Using your mixed models to the fullest: moving beyond ANOVA-style thinking

Phillip Alday

The Dirty Secret

ANOVA is regression.

More precisely, it’s a computational trick to efficiently compute a particular type of nested model comparison under additional assumptions.

It wasn’t a bad idea back in the slide-rules and mechanical adding machine days. But all the extra assumptions (e.g. sphericity) and shortcuts aren’t worth it with today’s computing hardware.

We’ve moved forward in computation but not thinking

We stop learning statistics after we finish our doctorates.

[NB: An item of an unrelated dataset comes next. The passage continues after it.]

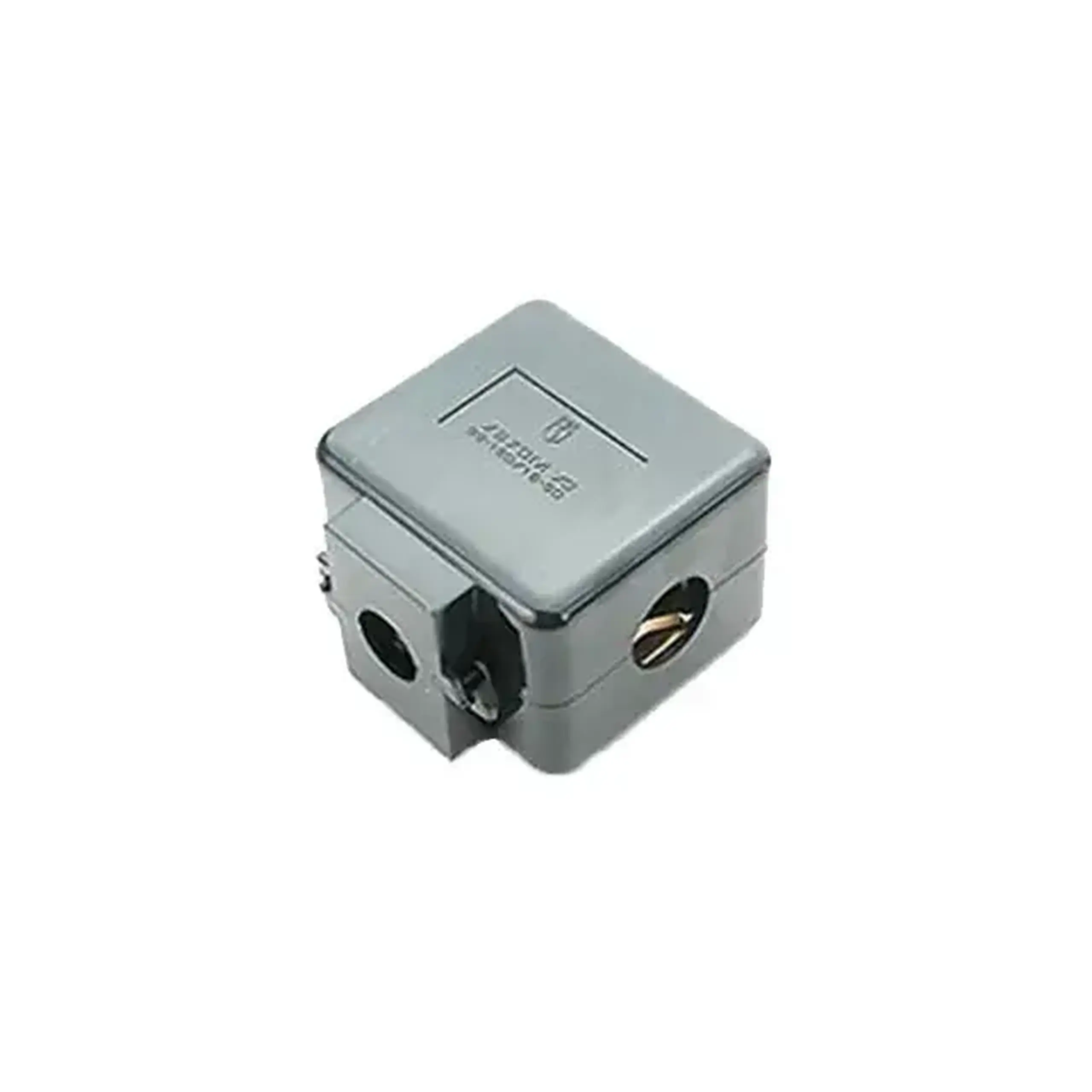 Clemă de ramificare IEK Y-733 - Model Y-859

But we use statistics like our mentors. And they learned ANOVA. So even when we advance the methods, we don’t advance the thinking and the explaining.

Leaving ANOVA’s legacy behind

Think in terms of effect sizes and not p-values

  • Mixed models give you an explicit estimate of effect size: the coefficient estimate!
  • If you want standardized effect sizes, then you can also standardize your coefficient.
  • Confidence intervals give strictly more information than p-values and can also be used for significance testing.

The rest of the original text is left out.